=== Section Start ===

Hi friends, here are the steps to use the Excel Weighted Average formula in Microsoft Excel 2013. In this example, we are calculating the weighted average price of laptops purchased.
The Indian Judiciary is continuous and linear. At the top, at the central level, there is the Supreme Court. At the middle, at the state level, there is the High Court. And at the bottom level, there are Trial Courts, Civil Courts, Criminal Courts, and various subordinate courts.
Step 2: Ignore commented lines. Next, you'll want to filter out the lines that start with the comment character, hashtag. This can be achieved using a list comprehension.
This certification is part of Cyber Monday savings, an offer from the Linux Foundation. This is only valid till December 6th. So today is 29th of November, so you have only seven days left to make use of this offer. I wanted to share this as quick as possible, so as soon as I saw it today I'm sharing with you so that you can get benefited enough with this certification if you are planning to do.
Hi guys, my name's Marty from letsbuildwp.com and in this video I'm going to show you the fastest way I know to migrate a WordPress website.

=== Section End ===
=== Section Start ===

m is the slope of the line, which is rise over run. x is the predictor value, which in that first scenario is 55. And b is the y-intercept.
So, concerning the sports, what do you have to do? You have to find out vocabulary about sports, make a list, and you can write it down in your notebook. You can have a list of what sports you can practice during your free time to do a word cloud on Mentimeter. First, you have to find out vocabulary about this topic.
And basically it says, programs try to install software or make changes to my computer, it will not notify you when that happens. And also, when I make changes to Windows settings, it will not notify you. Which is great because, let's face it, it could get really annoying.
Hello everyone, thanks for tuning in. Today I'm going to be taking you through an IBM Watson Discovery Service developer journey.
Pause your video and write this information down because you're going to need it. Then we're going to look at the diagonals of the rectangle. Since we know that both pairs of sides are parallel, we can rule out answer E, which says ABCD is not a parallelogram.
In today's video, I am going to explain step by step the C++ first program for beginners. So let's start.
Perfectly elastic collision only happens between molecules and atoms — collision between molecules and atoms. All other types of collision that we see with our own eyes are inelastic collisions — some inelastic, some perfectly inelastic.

=== Section End ===
=== Section Start ===

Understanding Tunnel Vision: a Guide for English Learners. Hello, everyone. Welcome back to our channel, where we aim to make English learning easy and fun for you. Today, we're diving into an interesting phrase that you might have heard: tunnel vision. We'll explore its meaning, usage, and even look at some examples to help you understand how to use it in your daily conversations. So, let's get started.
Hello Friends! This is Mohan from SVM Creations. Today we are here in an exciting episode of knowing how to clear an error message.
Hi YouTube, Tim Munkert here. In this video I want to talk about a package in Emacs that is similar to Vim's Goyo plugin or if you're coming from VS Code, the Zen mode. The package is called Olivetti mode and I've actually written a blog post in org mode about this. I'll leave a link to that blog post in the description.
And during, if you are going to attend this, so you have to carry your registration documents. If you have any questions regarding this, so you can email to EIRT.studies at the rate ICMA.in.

=== Section End ===

*Problem details*
Within the material above, output exactly the lines from the one with "Step 2: Ignore" through the one with "Hi guys, my", end lines included, and nothing besides.

*Exercise solution*
Step 2: Ignore commented lines. Next, you'll want to filter out the lines that start with the comment character, hashtag. This can be achieved using a list comprehension.
This certification is part of Cyber Monday savings, an offer from the Linux Foundation. This is only valid till December 6th. So today is 29th of November, so you have only seven days left to make use of this offer. I wanted to share this as quick as possible, so as soon as I saw it today I'm sharing with you so that you can get benefited enough with this certification if you are planning to do.
Hi guys, my name's Marty from letsbuildwp.com and in this video I'm going to show you the fastest way I know to migrate a WordPress website.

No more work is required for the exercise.